I'd say it may be a limit of there HB SLI bridge, might only be good for a certain length before speeds drops off, kinda how ethernet cables work too.

I have a strong feeling it's something along the lines i just said, or they rather not focus driver time on it. It's just strange seeing as there GP100 gpus and NVlink use upto 4 GPUs.

I think that's the most likely reason TBH.

Have you seen multi GPU users of more than 2 cards complaining ? It sounds like kids throwing their toys out of the pram ^_^
 
I think that's the most likely reason TBH.

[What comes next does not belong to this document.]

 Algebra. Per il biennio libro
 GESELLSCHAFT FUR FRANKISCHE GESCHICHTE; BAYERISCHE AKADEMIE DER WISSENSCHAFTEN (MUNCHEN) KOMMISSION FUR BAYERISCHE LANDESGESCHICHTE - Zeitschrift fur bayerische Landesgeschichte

Have you seen multi GPU users of more than 2 cards complaining ? It sounds like kids throwing their toys out of the pram ^_^

Could be both. I'd really like to know if this HB bridge is even any good. Certainly not as good as XDMA from AMD. So much unused bandwidth there
 
Could be both. I'd really like to know if this HB bridge is even any good. Certainly not as good as XDMA from AMD. So much unused bandwidth there

TBH the new SLI bridge promises double the bandwidth, and looking at the bridge it just looks like it uses the two normal SLI fingers for single card SLI.
 
At least Ashes of Singularity with its fancy DX12 multi-GPU mode should be able to use more than 2 of these... ;)
 
Guess it means people who already have 2way sli will now have to upgrade to the next tier up, instead of going 3way, so Nvidia will sell more higher end cards.
 
Diminishing returns on the investment probably - Plenty of hours go in to making the drivers work for (just a guess) probably .01% of the particular cards buyers.

Of course this doesn't bode well for anyone with unusual or different setups. Still it's not surprising considering they can't get multiple monitors to work in surround if there are any differences in sync polarity and resolution.

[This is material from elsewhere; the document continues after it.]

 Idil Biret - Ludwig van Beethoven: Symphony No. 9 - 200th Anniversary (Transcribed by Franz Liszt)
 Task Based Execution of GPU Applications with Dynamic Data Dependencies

They may also be looking at other ways of running them as well. I recall there was talk of not needing a bridge for upcoming releases? I think it might have been for AMD.
 
Diminishing returns on the investment probably - Plenty of hours go in to making the drivers work for (just a guess) probably .01% of the particular cards buyers.

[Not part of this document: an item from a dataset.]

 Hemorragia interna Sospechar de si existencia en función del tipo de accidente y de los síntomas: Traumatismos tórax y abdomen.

Of course this doesn't bode well for anyone with unusual or different setups. Still it's not surprising considering they can't get multiple monitors to work in surround if there are any differences in sync polarity and resolution.

They may also be looking at other ways of running them as well. I recall there was talk of not needing a bridge for upcoming releases? I think it might have been for AMD.

AMD got rid of bridges when the 290X came out :)
 
One thing we need to consider is what is the future of SLI.

With Nvidia announcing a new SLI bridge they certainly have a plan moving forward with SLI, we just don't know it yet. Anyone that knows is NDA'd up the wazoo.

Consider what the future of SLI will be in a future with DX12 and Vulkan Explicit Multiadapter. The way multi-GPU will work in the future is going to be different than today.
 
TBH the new SLI bridge promises double the bandwidth, and looking at the bridge it just looks like it uses the two normal SLI fingers for single card SLI.

Which would mean 18GB/s, because double's from the previous 9GB/s. AMD can use upto 32GB/s on the PCI bus, obviously after the GPU takes some it's probably somewhere around 25GB/s. And it will always rise because PCI will continue to get faster, Nvidia should just have followed suit. Seems like a better option.

If anything it'll just get it closer to 100% scaling, instead of the average 80-90% we see with the extra bandwidth. Which is where the performance gains come from that the EVGA guy was mentioning.
 
Seems like DirectX 12 and Vulcan multi-gpu support makes SLI a moot point. Anything moving forward, could possibly be supported in DX12/Vulcan for setups with 3 or more GPUs. I'd imagine there'd be less cost and a cleaner PCB if they did away with it altogether, how much and whether that would be passed on to the consumer is another story...
 
I would be more interested to know more about the use of the HB SLI bridges. It would make sense if the new SLI bridges allow more data transfer and possible memory sharing across the two cards. New API's have been said that it will allow memory independantly giving access to a shared memory pool rather than restricting multi card setups to the memory total of one card.

Speculation is all anything can be right now until further information is given.